Course:LIBR557/2020WT2/markup language

From UBC Wiki

Markup Language

Markup language is a system for noting and distinguishing the attributes of a document. It’s name originates from the act “marking up” paper manuscripts with revisions for both content and structure of document In the context of information retrieval, markup languages are meta-languages that describe data in meaningful ways across applications (Lee et al., 2021; Winters, 2005) by separating a document’s content from structure (Combs, 2012; Lee et al., 2021).

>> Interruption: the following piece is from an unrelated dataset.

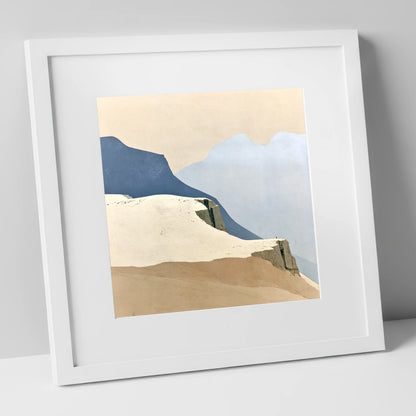 Lone Figure on High Fell Crag lake district fell art print in white frame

Markup languages are made of elements (also known as “tags”) and attributes that help to distinguish between document content and specify the “purpose and meaning” of specific texts in the document (Eito-Brun, 2018). Markup languages usually use angle brackets (< and >) to indicate an element. For example, the paragraph of the following sentence:

The quick brown fox jumped over the lazy dog

Using markup language, describing the sentence as a single paragraph would use the element of <p> and </p> as seen below:

<p>The quick brown fox jumped over the lazy dog</p>

Commonly Used Markup Languages

There are many different types of markup languages used for different purposes and by different users. A few of the most commonly used markup languages within information retrieval includes HTML and XML.

HTML

HTML, or Hypertext Markup Language, is a markup language designed in the 1990s by   Tim Berners-Lee. It specialized in describing how documents are to be structured when displayed as a webpage using a set of predefined tags (elements) (Eito-Brun, 2018; Winters, 2005). The World Wide Web Consortium (W3C) recommends Unicode Standard and Unicode Transformation Formats such as UTF-8 to be used in HTML encoding. Unfortunately, HTML is not able to describe the content of a document, only the structure of the document. It cannot describe the information inside the document, which constrains information retrieval.

XML

XML, or eXtensible Markup Language, is a markup language that was developed by various IT companies, including Microsoft and International Business Machines Corporation (IBM), under the direction of the World Wide Web Consortium (W3C) in 1998 (Eito-Brun, 2018)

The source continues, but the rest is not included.